(Brief descriptive captions)
▬▬▬▬▬▬
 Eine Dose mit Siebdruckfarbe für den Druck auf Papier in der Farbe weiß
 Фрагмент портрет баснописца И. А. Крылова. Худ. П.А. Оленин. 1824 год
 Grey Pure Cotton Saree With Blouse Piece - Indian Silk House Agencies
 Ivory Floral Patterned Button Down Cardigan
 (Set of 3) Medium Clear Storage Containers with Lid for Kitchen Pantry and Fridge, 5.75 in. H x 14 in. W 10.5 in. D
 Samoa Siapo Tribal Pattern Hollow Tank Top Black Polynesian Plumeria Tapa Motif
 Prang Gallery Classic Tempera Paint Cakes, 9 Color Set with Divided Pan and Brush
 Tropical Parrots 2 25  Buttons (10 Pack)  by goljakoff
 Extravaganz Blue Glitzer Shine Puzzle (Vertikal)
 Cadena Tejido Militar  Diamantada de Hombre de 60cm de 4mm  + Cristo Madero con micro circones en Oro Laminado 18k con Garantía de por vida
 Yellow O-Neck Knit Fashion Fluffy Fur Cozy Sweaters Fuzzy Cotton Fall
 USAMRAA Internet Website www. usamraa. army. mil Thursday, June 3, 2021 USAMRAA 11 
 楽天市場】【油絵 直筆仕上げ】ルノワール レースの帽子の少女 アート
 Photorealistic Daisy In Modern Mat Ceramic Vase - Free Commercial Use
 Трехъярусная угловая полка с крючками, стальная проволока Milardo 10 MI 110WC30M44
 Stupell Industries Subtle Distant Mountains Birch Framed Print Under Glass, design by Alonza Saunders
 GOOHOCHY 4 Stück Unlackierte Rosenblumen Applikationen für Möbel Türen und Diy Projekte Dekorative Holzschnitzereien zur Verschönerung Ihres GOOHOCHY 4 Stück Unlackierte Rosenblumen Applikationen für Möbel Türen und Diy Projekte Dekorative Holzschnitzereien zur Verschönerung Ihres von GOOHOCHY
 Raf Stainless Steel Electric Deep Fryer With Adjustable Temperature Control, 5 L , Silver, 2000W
▬▬▬▬▬▬
Work to be completed
What are the lines, exactly as written above, from the line with "Prang Gallery Classic" to the line with "Yellow O-Neck Knit", both included? Output only those.

Solution to this problem
 Prang Gallery Classic Tempera Paint Cakes, 9 Color Set with Divided Pan and Brush
 Tropical Parrots 2 25  Buttons (10 Pack)  by goljakoff
 Extravaganz Blue Glitzer Shine Puzzle (Vertikal)
 Cadena Tejido Militar  Diamantada de Hombre de 60cm de 4mm  + Cristo Madero con micro circones en Oro Laminado 18k con Garantía de por vida
 Yellow O-Neck Knit Fashion Fluffy Fur Cozy Sweaters Fuzzy Cotton Fall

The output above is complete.